Retrieved direct from a`Body`

object directly. The current orientation is defined by the body’s rotation model, and is retrieved as a quaternion. To get the quaternion to transform a vector from inertial (e.g. with global frame orientation) to the body-fixed frame, the`getCurrentRotationToLocalFrame`

can be used. The inverse rotation can be obtained from`getCurrentRotationToGlobalFrame`

. The time-derivative of the orientation is provided in two formulations (with equivalent information content): the angular velocity vector, and the time derivative of the rotation matrix. The angular velocity vector, in inertial and body-fixed coordinates, is obtained from the`getCurrentAngularVelocityVectorInGlobalFrame`

and`getCurrentAngularVelocityVectorInLocalFrame`

functions respectively. The time-derivative of the rotation matrix from inertial to body-fixed frame is given by`getCurrentRotationMatrixDerivativeToLocalFrame`

, while the derivative of the inverse rotation is taken from`getCurrentRotationMatrixDerivativeToGlobalFrame`

**The current body mass**

Retrieved direct from a`Body`

object directly, with the`getBodyMass`

function.

**Spherical harmonic gravity field coefficients**

These coefficients may be time variable (set by using one or more`GravityFieldVariationSettings`

). The cosine and sine coefficients can be retrieved from a Body object through its gravity field model. A piece of example code on retrieving these coefficients is given below for the case of Earth:

```
NamedBodyMap bodyMap = ....
std::shared_ptr< SphericalHarmonicsGravityField > sphericalHarmonicsGravityField =
std::dynamic_pointer_cast< SphericalHarmonicsGravityField >( bodyMap.at( "Earth" ) );
if( sphericalHarmonicsGravityField == nullptr )
{
throw std::runtime_error( "Error when retrieving spherical harmonic coefficients: Earth does not have a SphericalHarmonicsGravityField" );
}
Eigen::MatrixXd cosineCoefficients = sphericalHarmonicsGravityField->getCosineCoefficients( );
Eigen::MatrixXd sineCoefficients = sphericalHarmonicsGravityField->getSineCoefficients( );
```

Note the check to see if the `dynamic_pointer_cast`

was succesfull. These checks are very helpful in ascertaining the reason for a crashing program.

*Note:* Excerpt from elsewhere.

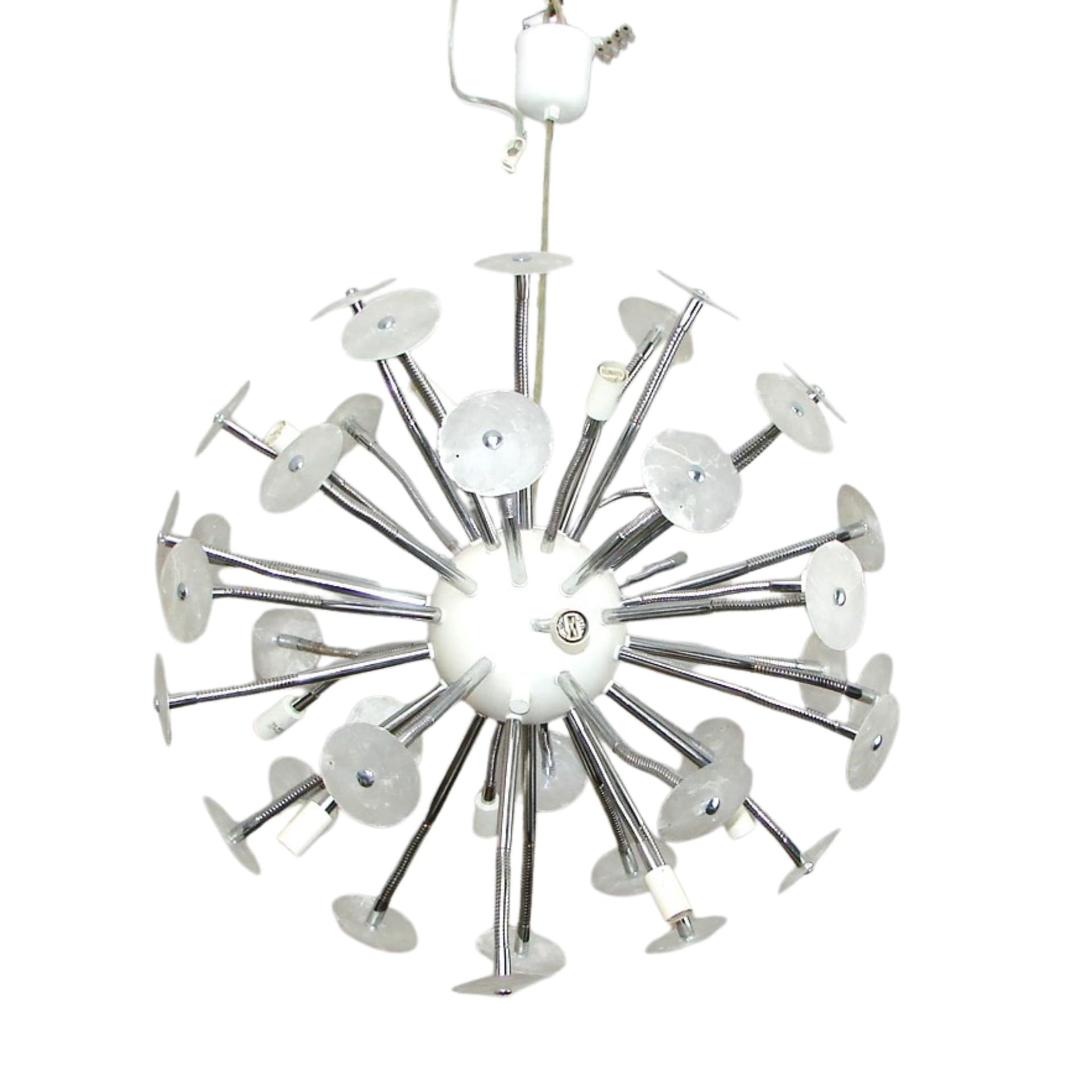 Lampa wisząca Arditi, Włochy, Space Age, lata 80.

**Curent flight conditions**

The`FlightConditions`

class, and its derived class`AtmosphericFlightConditions`

stores data relating to altitude, flight angles, atmospheric properties, etc. Follow the links for their detailed description. The`FlightConditions`

base class pointer is obtained from the`getFlightConditions`

function of a`Body`

object.

Note

As a user, you will typically not access these variables directly. Important examples of cases where users *can* explicitly access them, are custom aerodynamic or thrust guidance.